There’s nothing that frustrates me more than forced participation.  In my eyes, if my hand is not raised, I clearly have nothing of substance to say.

I don’t see the point in forcing a student to ramble about something that doesn’t really make sense as opposed to just letting them listen.

  I’m all for teachers calling on students who don’t seem like they are paying attention, but other than that, what harm would come from just letting them sit there?   

As far back as I can remember, I’ve had somewhat of a love-hate relationship with participation. I either actively participate in a class, or I don’t participate at all. There’s no in between.   

There’s a significant difference between calling on students just because they have not said anything the whole class period, as opposed to choosing students who do not have their hand raised, but the teacher knows they probably have something great to say.

Freshman year, nothing made me more uncomfortable than having to present in front of the whole class.

I remember in my world history class we had a huge presentation at the end of the year.

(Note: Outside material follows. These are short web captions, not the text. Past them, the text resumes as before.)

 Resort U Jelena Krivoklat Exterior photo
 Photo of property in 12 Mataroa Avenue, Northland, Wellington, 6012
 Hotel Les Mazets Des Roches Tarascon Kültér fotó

I did not sleep at all the night before because of how nervous I was.  During the majority of my presentations my heart was racing and my palms were sweating like no other.  It was even difficult for me to speak coherently.

To be able to feel more comfortable talking in front of my peers, I decided to sign myself up for a public speaking class.

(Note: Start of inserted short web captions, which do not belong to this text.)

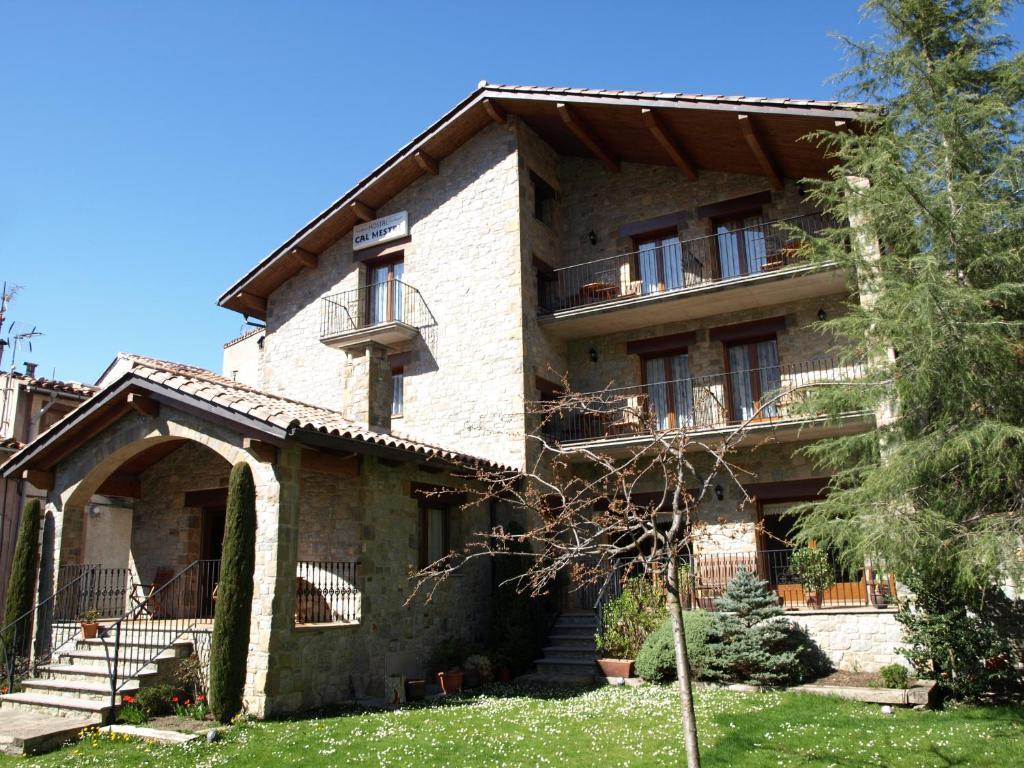 Hostal Cal Mestre Vilallonga de Ter Exterior photo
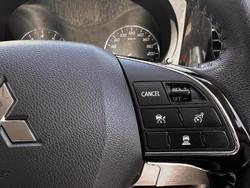 2018 Mitsubishi Outlander LS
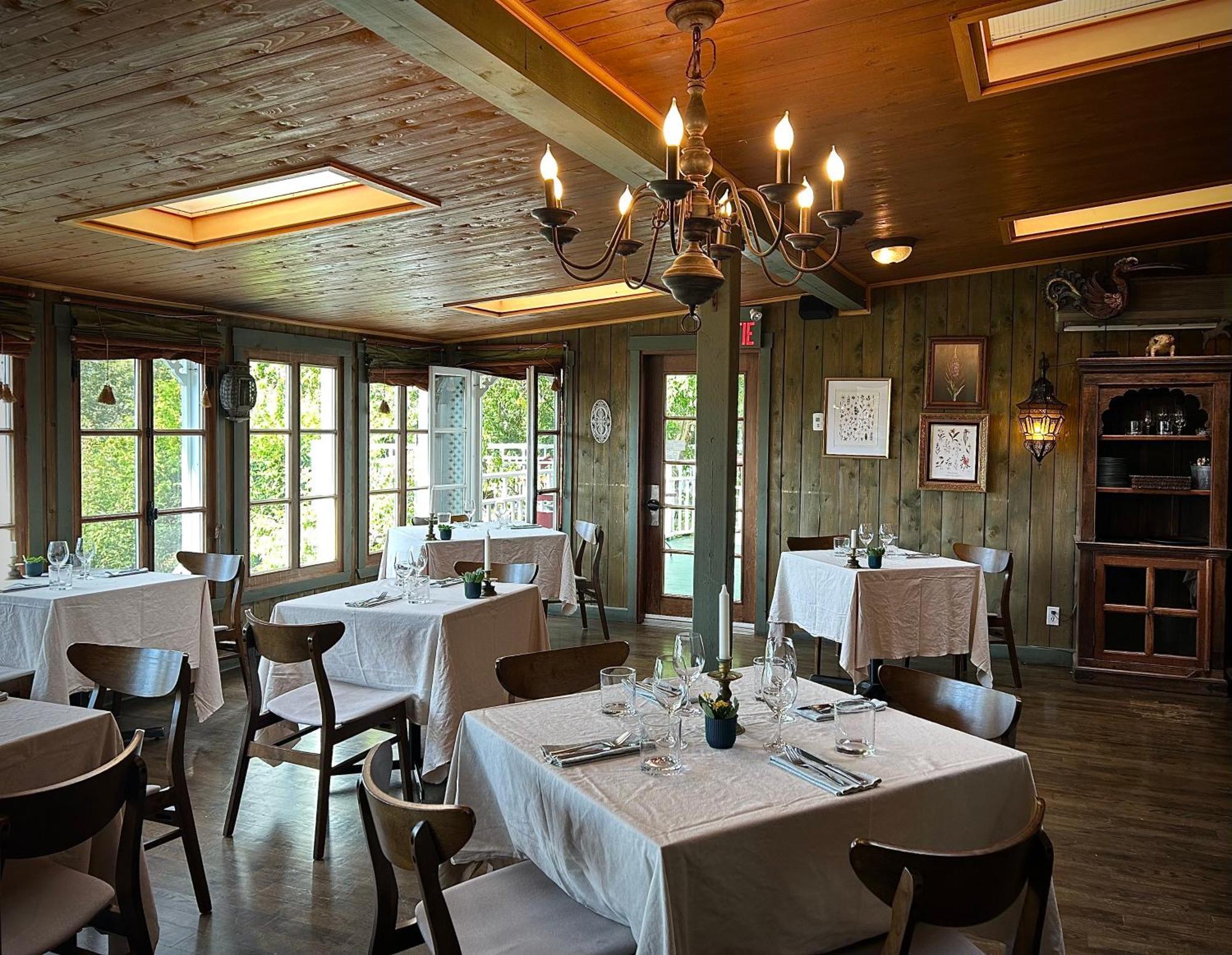 Le Mange Grenouille Hotel Bic Exterior photo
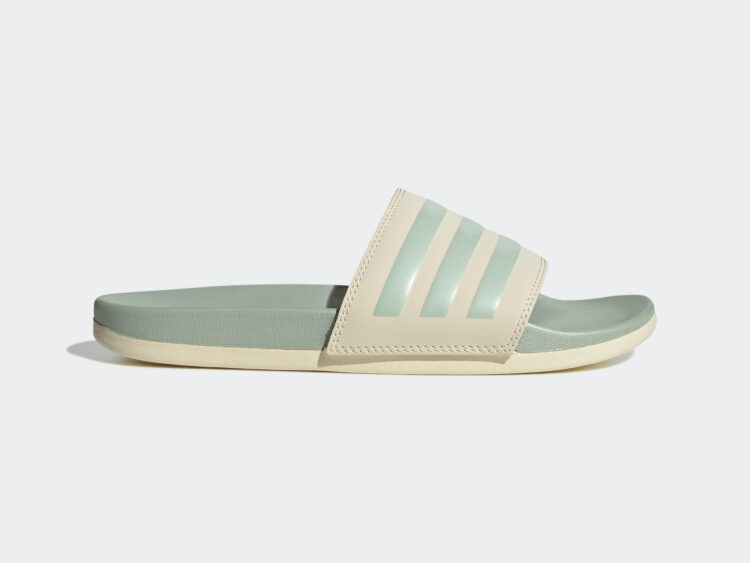 2025 new edition: Dámske šľapky ADIDAS Adilette Comfort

Sophomore year rolled around and it was finally time to face my fears.  It was time to go to a class once a day that would force me to participate and learn how to become a better speaker.

The problem that arose was that now I was scared of going to my public speaking class.  I loved the teacher and the idea of the class. Unfortunately, every time I had to present I found a way out of it, and even went as far as staying home.

I finally realized that even if I didn’t show up the day I was initially scheduled to present, I would still eventually have to.

The more speeches I gave, the more comfortable I felt and the fear began to subside.

I would highly recommend trying out a public speaking class. It has, without a doubt, helped me become a better speaker.

Junior year was great in the sense that none of my teachers forced me to participate.  The problem, though, was that I rarely spoke in any of my classes besides English.

I am now in an English class called Great Books.  Participation is worth about 40 percent of our final grade.  I took this class for the precise reason of hoping that it would push me out of my comfort zone.

And that it did.

At the beginning of the year, I was pretty intimidated by my peers because everyone had such thorough responses in the discussions.

Now it is honestly one of my favorite classes. I’ve learned not to doubt myself, and sometimes just speaking your mind is all that it takes to be more comfortable participating.

Don’t let your own fears determine whether or not you will pursue an interest of yours.  I’ve always wanted to take a public speaking class, even though I hated speaking in front of groups.

Great Books seemed like a spectacular class unlike any I have ever taken before.  Stepping out of your comfort zone can be a great thing, and it can help you discover interests that you never even thought you had.

In some situations, you are the only person holding yourself back from reaching your full potential.